[Instructions for the task] Each line below either holds the string "Stock" or doesn't. Count those that do and give only the number.
----- Records shown -----
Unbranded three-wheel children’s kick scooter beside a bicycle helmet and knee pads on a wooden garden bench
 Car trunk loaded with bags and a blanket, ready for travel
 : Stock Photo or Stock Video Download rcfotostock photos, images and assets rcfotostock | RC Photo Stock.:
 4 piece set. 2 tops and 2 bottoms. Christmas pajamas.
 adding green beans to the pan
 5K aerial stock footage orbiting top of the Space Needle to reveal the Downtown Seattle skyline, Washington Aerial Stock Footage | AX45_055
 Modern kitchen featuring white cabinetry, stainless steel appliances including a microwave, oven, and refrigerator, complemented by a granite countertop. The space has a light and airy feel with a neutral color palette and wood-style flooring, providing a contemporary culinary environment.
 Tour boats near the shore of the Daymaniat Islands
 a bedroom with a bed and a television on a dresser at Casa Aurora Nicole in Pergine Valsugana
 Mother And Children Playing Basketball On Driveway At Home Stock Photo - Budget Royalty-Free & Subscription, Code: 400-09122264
-----
[Answer section] 3